Se non riusciamo a smettere di mangiare cioccolata o una patatina dietro l’altra la ‘colpa’ potrebbe nascondersi nei geni. Lo suggeriscono i risultati di uno studio spagnolo presentato al meeting della American Society for Nutrition, secondo cui alcune varianti genetiche predispongono, quando non alla dipendenza vera e propria, alla passione per alcuni alimenti.

Per compiere lo studio sono stati analizzati i genomi di 818 persone di origine europea.
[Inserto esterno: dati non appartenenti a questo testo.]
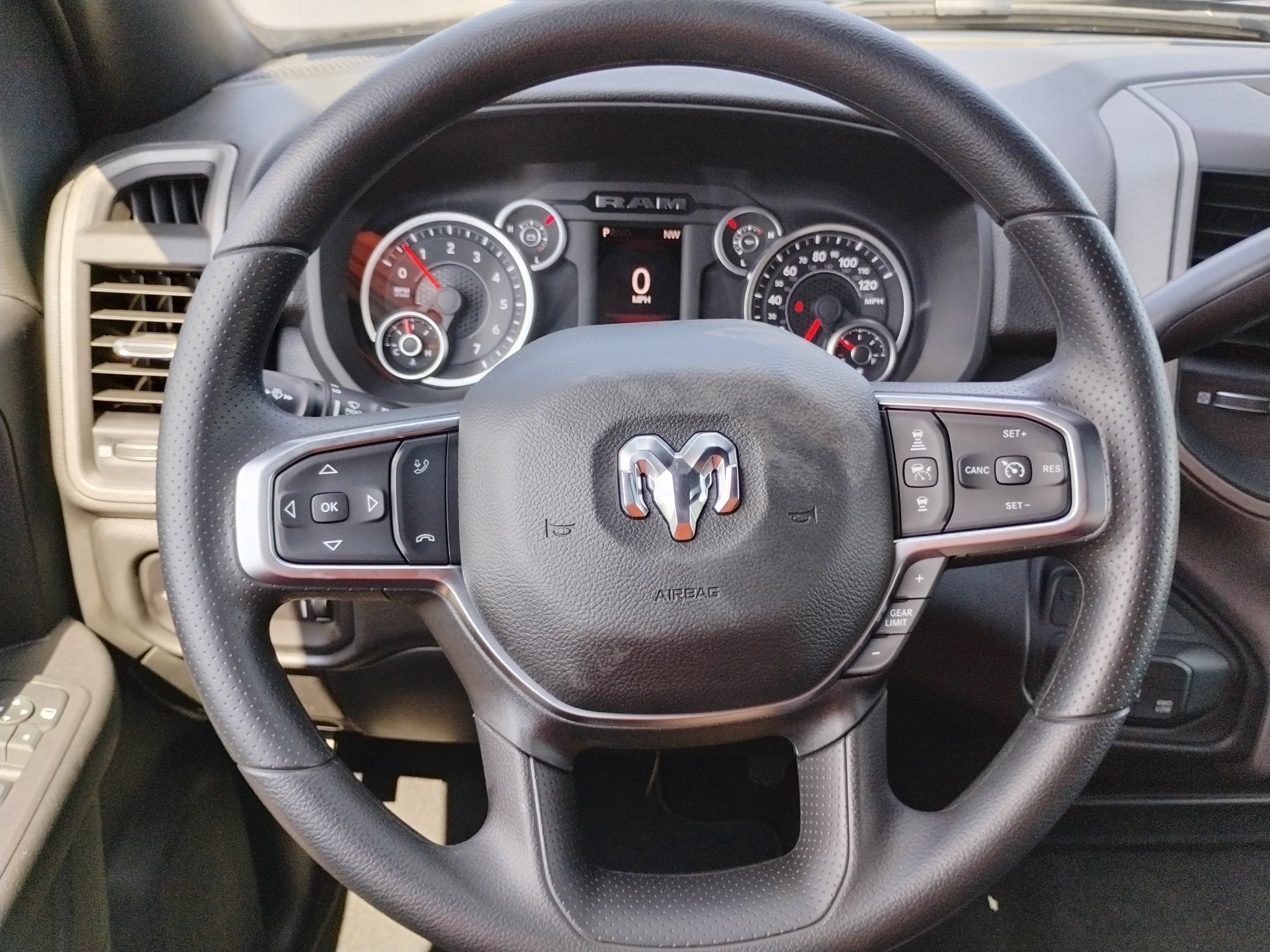 New 2027 RAM 2500 Tradesman AWD/4WD image 40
A loro gli autori della ricerca hanno chiesto in un questionario di descrivere le loro abitudini alimentari. Nell’analisi del Dna sono stati scelti 38 aree specifiche (loci) precedentemente associate a caratteristiche psicologiche (come l’ansia o la ricerca di novità). Ebbene, i ricercatori hanno trovato diverse associazioni significative. Hanno scoperto ad esempio che un consumo di cioccolata più alto è più probabile in chi ha alcune forme particolari di un gene recettore dell’ossitocina, l’ormone della felicità. Altri geni invece sembrano avere un ruolo nel consumo di vegetali e fibre, sale e cibi ricchi di grassi.

“La maggior parte delle persone non riesce a modificare le proprie abitudini in fatto di dieta – spiega Silvia Berciano, l’autrice principale -. Questo è il primo studio che descrive come i geni possono condizionare le preferenze alimentari in un gruppo di persone sane. Queste informazioni potrebbero aprire la strada a interventi personalizzati, oltre a far conoscere meglio i fattori che condizionano i comportamenti alimentari”.